Individuals of the state are still must abide by the laws that everyone else must follow. If they don't, you vote them out. Just because a state doesn't follow it ,doesn't mean it won't forever and ever. The purpose of democracy is to ensure the state does follow the values of the society.



> The "Conservative Court" ruled in line with judicial precedent. It has not overturned Appellate court rulings that are line with the precedent.
> 
> Your notion that it is the State's responsibility is refuted in its entirety by the judicial system.



Once again, the Supreme Court has a history of ruling absolute precedent.See Plessy v Ferguson. That's why future courts review old cases and create new precedent. Courts, like the laws and the society in general change. They are not stuck in stone. Whatever your argument for court jurisprudence in supporting your claims for "self  defence" can be overturned in the future. 



> "Time to update". Are you retarded? Do you know what "judicial precedent" is? For fuck's sake, I'm dealing with a newbie.



Plessy vs Fugosn. That's judicial precedent...do we follow that asshole? 
Precedent does not have to be followed at all. New rulings strike down old precedents and create "updates". Understand? Go to take a law class. 

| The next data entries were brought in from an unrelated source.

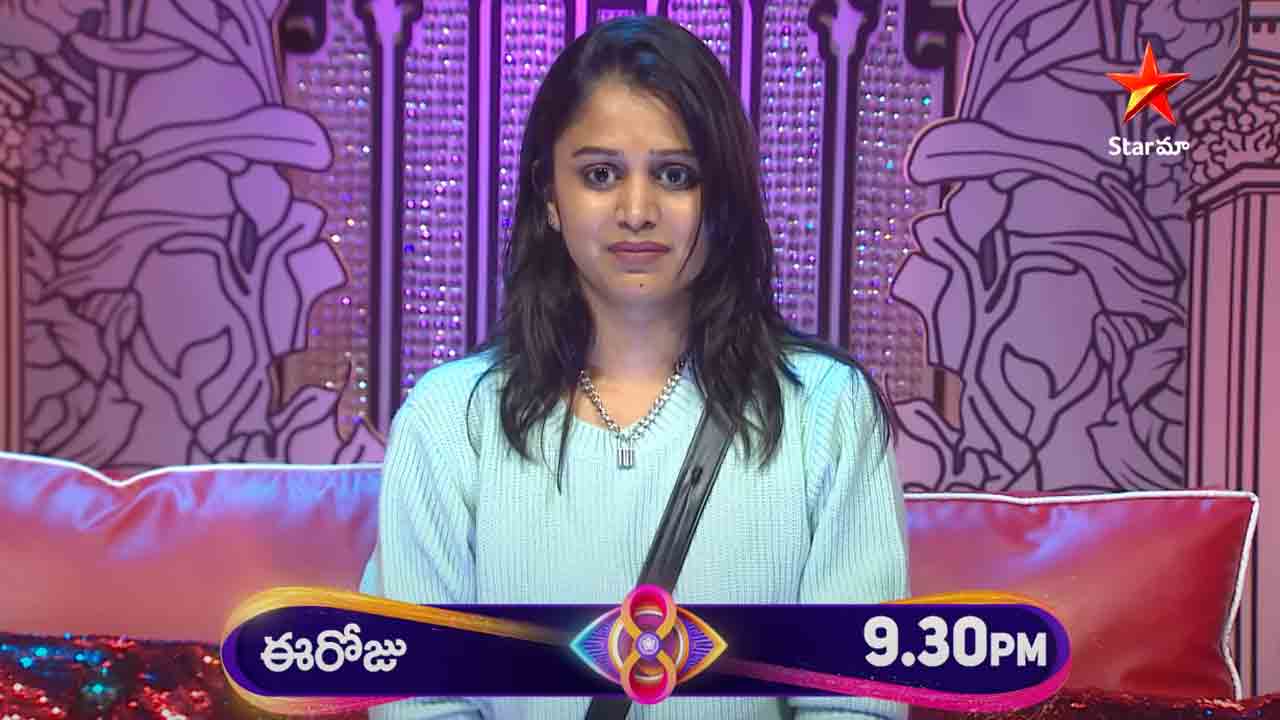 Bigg Boss Telugu 8 | నాగ మణికంఠకు ఇంటినుంచి ఫుడ్.. ఎమోష‌న‌ల్‌గా బిగ్‌బాస్ కొత్త ప్రోమో
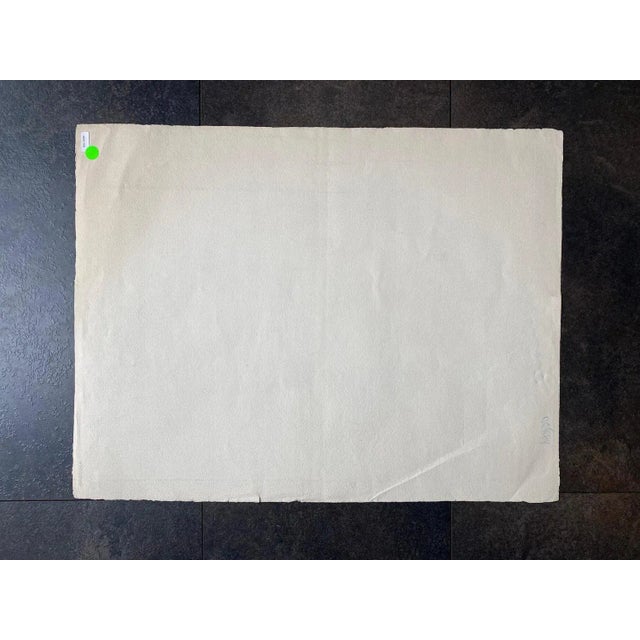 Hans Erni, L'enlèvement d'Europe, Lithograph For Sale - Image 7 of 8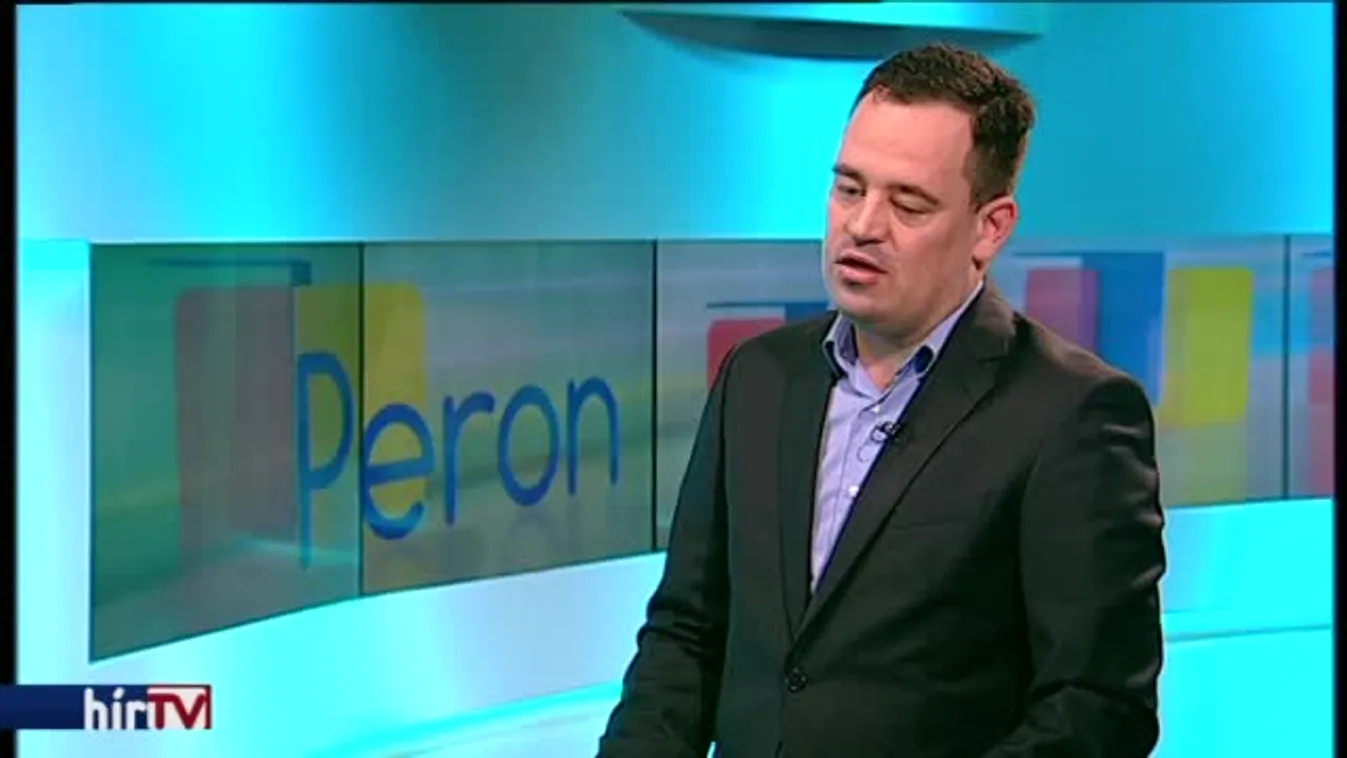 Peron –  Keresztény Zoltán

> You live in a State that tells you that it isn't their duty. It doesn't give a flying fuck what you think, because that's their special privilege you gave it.



An error in philosophy that must be reviewed. 

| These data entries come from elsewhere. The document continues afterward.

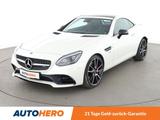 Mercedes-Benz SLC 43 AMG Aut*NAVI*LED*HARMAN&KARDON*TEMPO*SHZ* - Mercedes-Benz SLC 43 AMG Gebrauchtwagen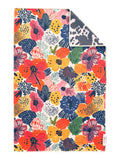 Reversible Wildflower Rodeo Hand Towel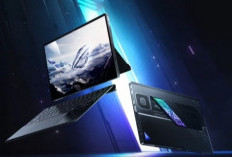 Dominasi Gaming Generasi Berikutnya: Laptop ASUS ROG 2025 Hadirkan Performa Ekstrem, Visual Memukau dan Inovas
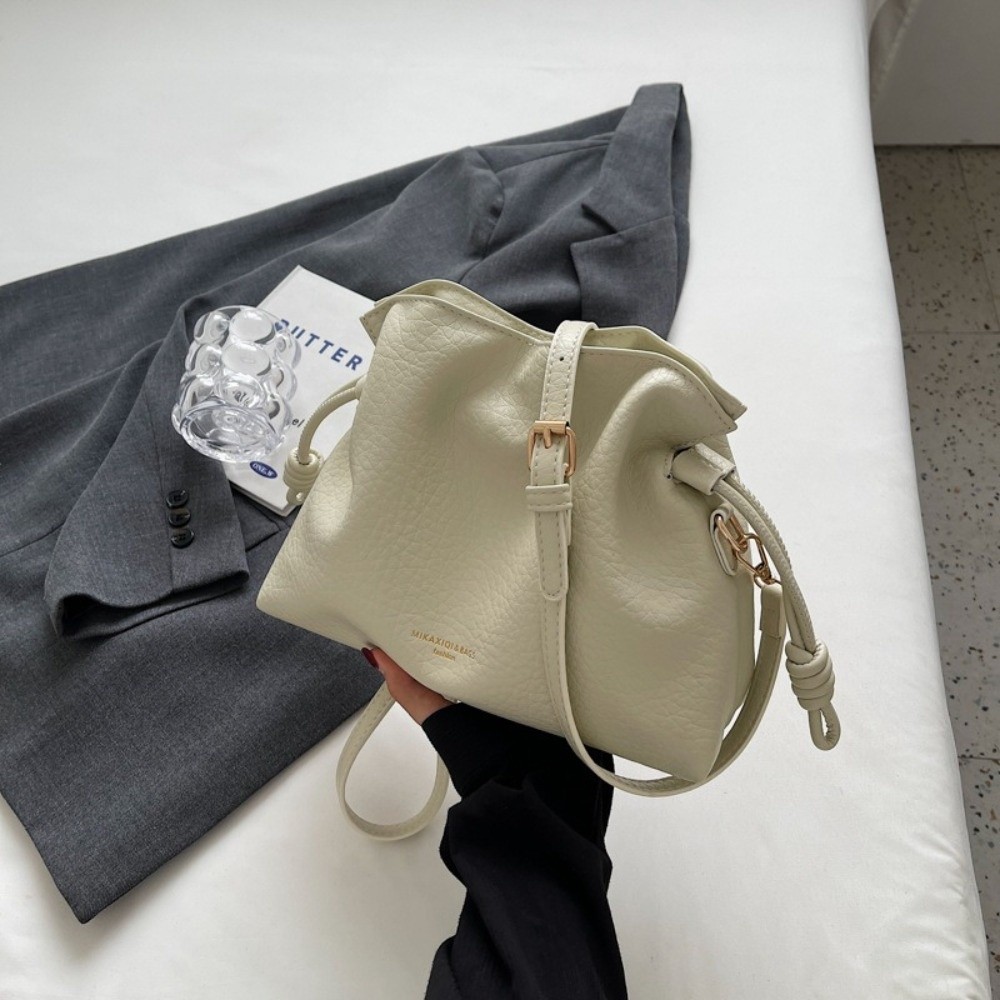 Soft PU Leather Slouchy‌ Shoul - Hobo Bag Slouchy recension och pris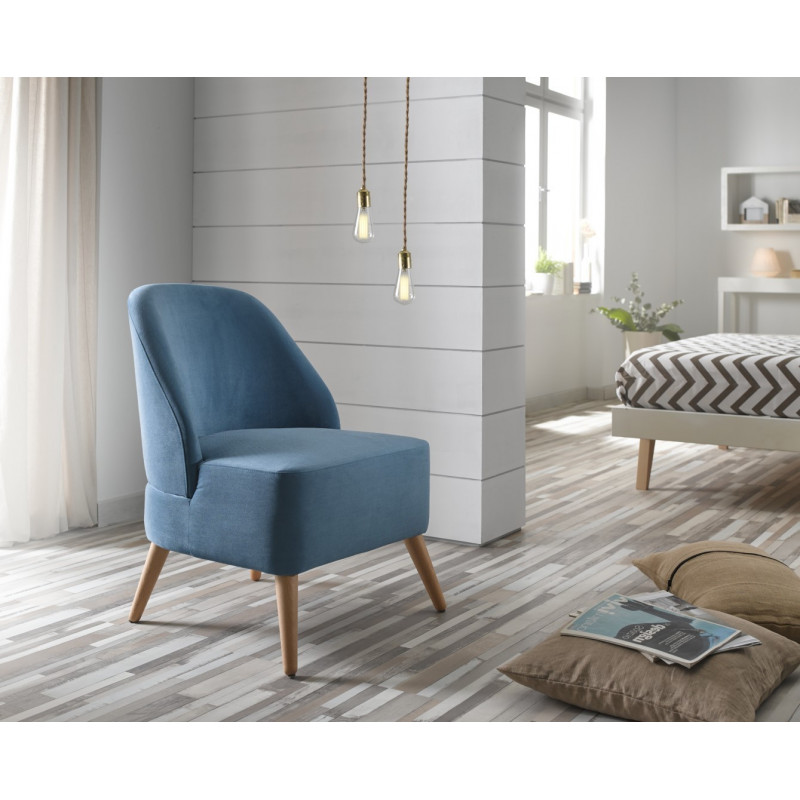Fauteuil EVIE configurable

> And the idea that self-defense should only be permissible by non-lethal means is both stupid and dangerous. If you are defending yourself, and you have to hesitate due to potential punishment if you efficiently defend yourself, then it is a worthless concept that puts to question the moral legitimacy of self-defense.



Ofcourse you're too dense to contemplate the possibility of innovative non-lethal defense. You're mindset, like you're ideas are stuck in the past.



> It is obviously you do not, even for the briefest of moments, consider the implications of what you're saying.



....I can't believe this. Have YOU contemplated the consequences of your gun society? Have you contemplated the consequences every person owning assault weapons in churches, parks, school, hospitals, government buildings, subways, buses, crowded streets and thoroughfares? I mean have you ever stepped outside Arizona? 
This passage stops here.